It should be understood that FIG. 2 and the description above are intended to provide a brief, general description of a suitable environment in which the various aspects of some embodiments of the present disclosure can be implemented. While the description refers to computer-readable instructions, embodiments of the present disclosure also can be implemented in combination with other program modules and/or as a combination of hardware and software in addition to, or instead of, computer readable instructions.

The term “application,” or variants thereof, is used expansively herein to include routines, program modules, programs, components, data structures, algorithms, and the like. Applications can be implemented on various system configurations, including single-processor or multiprocessor systems, minicomputers, mainframe computers, personal computers, hand-held computing devices, microprocessor-based, programmable consumer electronics, combinations thereof, and the like.

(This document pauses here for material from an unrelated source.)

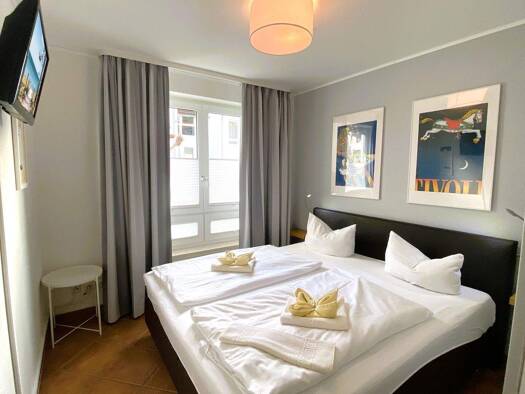 Wohnung zum Kauf 184.000 € 2 Zimmer 38 m² Binz Ostseebad Binz 18609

The applications 184 include an observer application 222, a wave filter application 224, a control application 226, and a thrust allocation application 228, described in further detail below.

Referring to FIG. 1, the observer application 222 uses system control inputs and sequential measurements (e.g. measurement signal 115 received from the measurement system 110) to estimate the varying states of the DP system 100. For example, the DP controller 120 receives position and heading data transmitted from measurement system 110 via the measurement signal 115.

The observer application 222 uses the measurement signal 115 to estimate vessel position and heading, vessel velocity, vessel rate of turn and environmental forces acting on the vessel. This sensor/data fusion approach allows the observer application 222 to calculate the best estimate of position and heading for the vessel and an estimate of the weather forces acting on the vessel. The observer application 222 may be implemented as a single program, which provides estimates for the surge, sway, and yaw axes, as individual programs for each axis, or a combination thereof.

The observer application 222 includes a time-based method for determining the heading and position of the vessel in a two-step process, i.e., a prediction step and a weighted average step. In the prediction step, the observer application 222 produces an estimate of the state variables (e.g., positions, velocities and environmental forces), along with their uncertainties for a current time cycle. Once the measurements from the next time cycle are observed, the estimate is updated using a weighted average of the measurement device values. The weights are calculated from a measure of the estimated uncertainty of the prediction of the system's state and the estimated uncertainty of the measurements. The result of the weighted average is a new state estimate that lies between the predicted and measured state.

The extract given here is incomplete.